Attorney, Agent or Firm: Zarley, McKee, Thomte, Voorhees & Sease, Frederiksen; Mark D.
Claims
I claim:
1. An outsert for an arrow shaft, comprising:
an elongated tubular member having a forward section, central section and
rearward section;
means on said forward and central sections for connecting the outsert to an
arrow attachment;
said rearward section having a cylindrical rearward bore therein extending
forwardly from a rearward end of the outsert and having a longitudinal
axis coaxial with a longitudinal axis of the outsert;
said rearward section including a tapered bore extending forwardly from a
forward end of the rearward bore and having a longitudinal axis coaxial
with the outsert longitudinal axis, said tapered bore having a first
diameter at a forward end which is less than a second diameter rearwardly
of the forward end; and
said rearward section having a tapered outer surface decreasing in diameter
from a forward end at the juncture of the rearward and central sections to
the rearward end of the outsert.
2. The outsert of claim 1, further comprising a ring-shaped ferrule having
an inner surface with at least a portion thereof having a diameter greater
than the outer diameter of the rearward end of the outsert rearward
section, but less than the outer diameter of the forward end of the
outsert rearward section, wherein said ferrule will crimp a rearward
portion of the outsert rearward end when moved forwardly onto the outsert.
3. The outsert of claim 2, wherein said ferrule inner surface includes a
generally cylindrical portion extending forwardly from a rearward end of
the ferrule.
4. The outsert of claim 3, wherein the ferrule inner surface includes a
tapered portion increasing in diameter from a forward end of the ferrule
cylindrical inner surface to a forward end of the ferrule.
5. The outsert of claim 4, wherein the tapered bore includes a continuously
decreasing diameter, forming a smoothly tapered surface.
6. The outsert of claim 5, wherein the forward bore is cylindrical and has
a diameter greater than that of the threaded bore.
7. The outsert of claim 6, wherein the central section has a concave
annular outer surface.
8. The outsert of claim 1, wherein the tapered bore includes a continuously
decreasing diameter, forming a smoothly tapered surface.

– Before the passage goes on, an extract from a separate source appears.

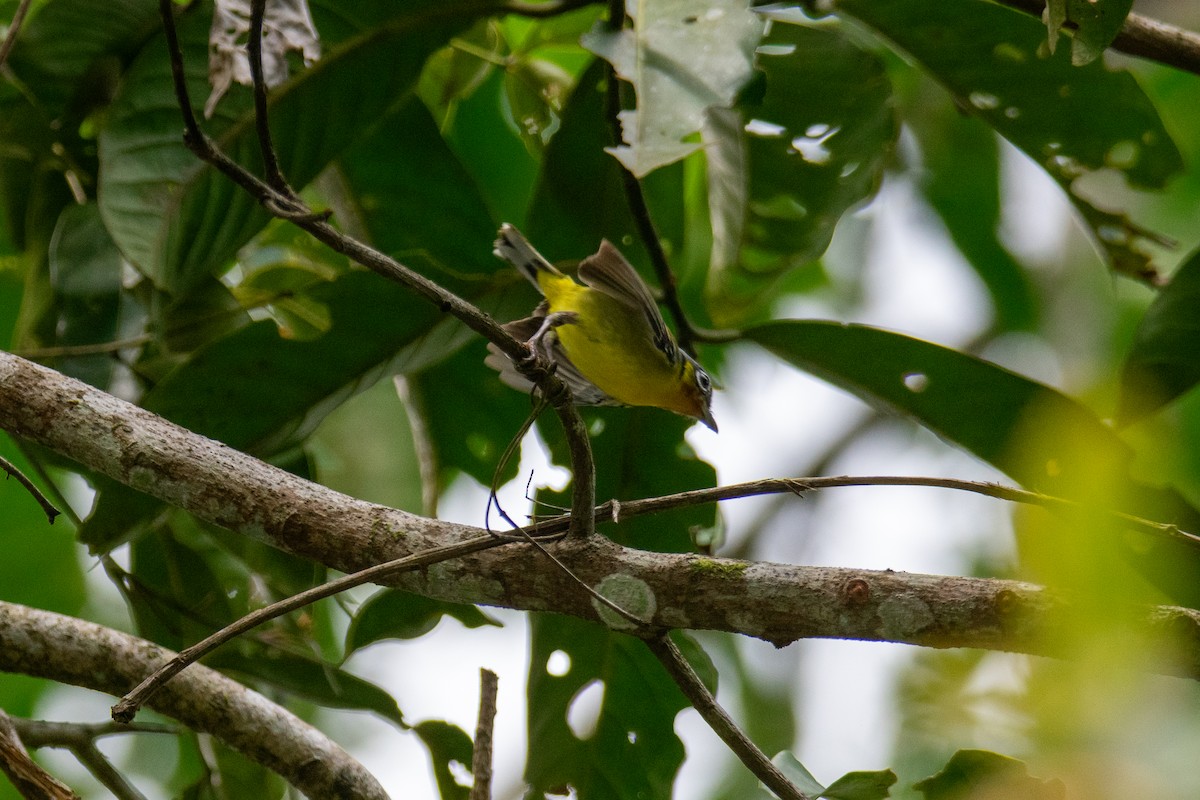 Black-eared Shrike-Babbler - ML644689250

9. The outsert of claim 1, wherein the tapered bore includes a plurality of
cylindrical steps with a first forward most step having a lesser diameter
than a rearwardly adjacent cylindrical step.
10. The outsert of claim 1, wherein said means for connecting the outsert
to an attachment includes a forward bore in the forward section extending
rearwardly from the outsert forward end, and a threaded bore extending
between the forward bore and the tapered bore.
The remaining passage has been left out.